Question 1

What languages does Scribe support?

Accepted Answer

Excellent Accuracy (≤ 5% Word Error Rate - WER)

Bulgarian, Catalan, Czech, Danish, Dutch, English, Finnish, French, Galician, German, Greek, Hindi, Indonesian, Italian, Japanese, Kannada, Malay, Malayalam, Macedonian, Norwegian, Polish, Portuguese, Romanian, Russian, Serbian, Slovak, Spanish, Swedish, Turkish, Ukrainian, Vietnamese

High Accuracy (>5% to ≤10% WER)

Bengali, Belarusian, Bosnian, Cantonese, Estonian, Filipino, Gujarati, Hungarian, Kazakh, Latvian, Lithuanian, Mandarin, Marathi, Nepali, Odia, Persian, Slovenian, Tamil, Telugu

Good (>10% to ≤25% WER)

Afrikaans, Arabic, Armenian, Assamese, Asturian, Azerbaijani, Burmese, Cebuano, Croatian, Georgian, Hausa, Hebrew, Icelandic, Javanese, Kabuverdianu, Korean, Kyrgyz, Lingala, Maltese, Mongolian, Māori, Occitan, Punjabi, Sindhi, Swahili, Tajik, Thai, Urdu, Uzbek, Welsh

Moderate (>25% to ≤50% WER)

Amharic, Chichewa, Fulah, Ganda, Igbo, Irish, Khmer, Kurdish, Lao, Luxembourgish, Luo, Northern Sotho, Pashto, Shona, Somali, Umbundu, Wolof, Xhosa, Zulu

Question 2

What is Speech to Text and how does it work?

Accepted Answer

Speech-to-text (STT) is a technology that converts spoken language into written text using automatic speech recognition (ASR). It processes audio signals, identifies speech patterns, and transcribes them into text with high accuracy.

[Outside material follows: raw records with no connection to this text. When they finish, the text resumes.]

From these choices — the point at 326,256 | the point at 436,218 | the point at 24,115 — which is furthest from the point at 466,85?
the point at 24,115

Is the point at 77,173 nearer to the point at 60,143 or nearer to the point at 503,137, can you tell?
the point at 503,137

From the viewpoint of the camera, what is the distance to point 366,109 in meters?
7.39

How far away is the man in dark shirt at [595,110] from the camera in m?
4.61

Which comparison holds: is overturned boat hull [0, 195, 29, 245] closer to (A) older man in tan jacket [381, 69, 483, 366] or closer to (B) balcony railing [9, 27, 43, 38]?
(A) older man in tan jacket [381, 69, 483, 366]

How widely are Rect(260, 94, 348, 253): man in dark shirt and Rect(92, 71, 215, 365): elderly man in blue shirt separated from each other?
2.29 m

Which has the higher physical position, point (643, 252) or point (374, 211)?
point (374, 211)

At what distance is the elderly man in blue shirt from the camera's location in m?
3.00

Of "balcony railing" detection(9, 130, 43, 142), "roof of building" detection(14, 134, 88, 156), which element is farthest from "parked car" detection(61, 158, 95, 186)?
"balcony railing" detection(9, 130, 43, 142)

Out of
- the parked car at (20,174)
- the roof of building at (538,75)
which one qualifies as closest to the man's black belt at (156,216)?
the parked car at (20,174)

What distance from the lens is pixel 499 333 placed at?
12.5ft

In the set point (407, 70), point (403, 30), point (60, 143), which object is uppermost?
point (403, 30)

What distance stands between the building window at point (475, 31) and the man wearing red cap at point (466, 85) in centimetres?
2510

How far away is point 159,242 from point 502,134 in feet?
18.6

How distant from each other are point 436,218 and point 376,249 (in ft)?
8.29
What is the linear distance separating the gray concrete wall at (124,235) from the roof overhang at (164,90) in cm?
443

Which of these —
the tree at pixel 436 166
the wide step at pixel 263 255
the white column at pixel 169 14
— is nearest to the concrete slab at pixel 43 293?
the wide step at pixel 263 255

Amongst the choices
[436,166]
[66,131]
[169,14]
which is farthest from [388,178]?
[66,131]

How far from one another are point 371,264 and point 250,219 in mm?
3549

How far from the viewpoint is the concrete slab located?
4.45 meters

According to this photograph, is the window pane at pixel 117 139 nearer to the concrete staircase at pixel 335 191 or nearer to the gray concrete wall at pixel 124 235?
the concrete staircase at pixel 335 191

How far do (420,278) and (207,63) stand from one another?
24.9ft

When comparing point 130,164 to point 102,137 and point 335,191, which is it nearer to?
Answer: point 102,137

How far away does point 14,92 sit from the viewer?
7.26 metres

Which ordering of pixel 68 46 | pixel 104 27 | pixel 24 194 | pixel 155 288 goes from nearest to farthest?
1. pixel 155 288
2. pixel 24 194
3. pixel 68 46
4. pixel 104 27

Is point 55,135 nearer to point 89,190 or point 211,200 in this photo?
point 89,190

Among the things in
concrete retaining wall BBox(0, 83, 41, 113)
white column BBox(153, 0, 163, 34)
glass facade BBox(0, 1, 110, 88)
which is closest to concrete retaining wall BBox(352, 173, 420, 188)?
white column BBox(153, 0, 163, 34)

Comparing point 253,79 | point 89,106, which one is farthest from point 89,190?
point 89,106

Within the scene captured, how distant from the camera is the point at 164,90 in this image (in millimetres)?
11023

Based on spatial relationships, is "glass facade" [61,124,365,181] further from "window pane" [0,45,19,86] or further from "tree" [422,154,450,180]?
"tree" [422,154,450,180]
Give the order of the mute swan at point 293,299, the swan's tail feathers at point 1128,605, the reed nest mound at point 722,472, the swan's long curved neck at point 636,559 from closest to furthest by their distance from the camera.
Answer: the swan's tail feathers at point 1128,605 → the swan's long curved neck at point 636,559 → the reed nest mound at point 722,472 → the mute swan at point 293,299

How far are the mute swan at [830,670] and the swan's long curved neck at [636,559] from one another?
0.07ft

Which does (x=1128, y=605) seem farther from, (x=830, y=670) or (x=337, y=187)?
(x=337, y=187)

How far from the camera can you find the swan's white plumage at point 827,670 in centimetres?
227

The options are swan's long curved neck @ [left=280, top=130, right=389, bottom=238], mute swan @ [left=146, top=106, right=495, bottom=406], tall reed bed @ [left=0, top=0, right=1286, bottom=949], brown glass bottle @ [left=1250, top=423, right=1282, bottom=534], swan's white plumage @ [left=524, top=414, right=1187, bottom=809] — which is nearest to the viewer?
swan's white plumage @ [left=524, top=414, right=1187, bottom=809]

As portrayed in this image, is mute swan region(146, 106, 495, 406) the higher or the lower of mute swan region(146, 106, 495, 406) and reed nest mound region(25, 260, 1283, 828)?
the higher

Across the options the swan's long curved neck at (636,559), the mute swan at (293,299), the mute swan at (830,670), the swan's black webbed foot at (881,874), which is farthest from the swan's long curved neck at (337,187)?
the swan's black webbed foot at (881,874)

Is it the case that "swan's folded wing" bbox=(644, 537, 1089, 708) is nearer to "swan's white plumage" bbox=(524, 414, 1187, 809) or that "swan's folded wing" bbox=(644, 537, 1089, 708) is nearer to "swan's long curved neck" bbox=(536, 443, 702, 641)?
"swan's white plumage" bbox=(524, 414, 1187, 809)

ElevenLabs' AI-powered speech-to-text software is designed to transcribe audio and video content with human-like precision, making it ideal for speech-to-text conversion, audio transcription, and real-time speech recognition.

Speech-to-text technology is used in:
✔ Speech-to-text transcription for podcasts, meetings, and interviews.
✔ Captions and subtitles in video content.
✔ Speech-to-text software for hands-free typing and accessibility tools.

ElevenLabs ASR offers fast, reliable, and highly accurate speech-to-text conversion for multiple languages and accents.

Question 3

How do I transcribe video to text?

Accepted Answer

ElevenLabs provides video transcription to convert spoken dialogue into text format, making it easy to create subtitles, captions, and searchable transcripts.

Steps to transcribe video to text:
1. Upload your video file to ElevenLabs ASR
2. Speech recognition technology processes the audio
3. A transcript is generated automatically, with timestamps
4. Download the text file or export subtitles for editing.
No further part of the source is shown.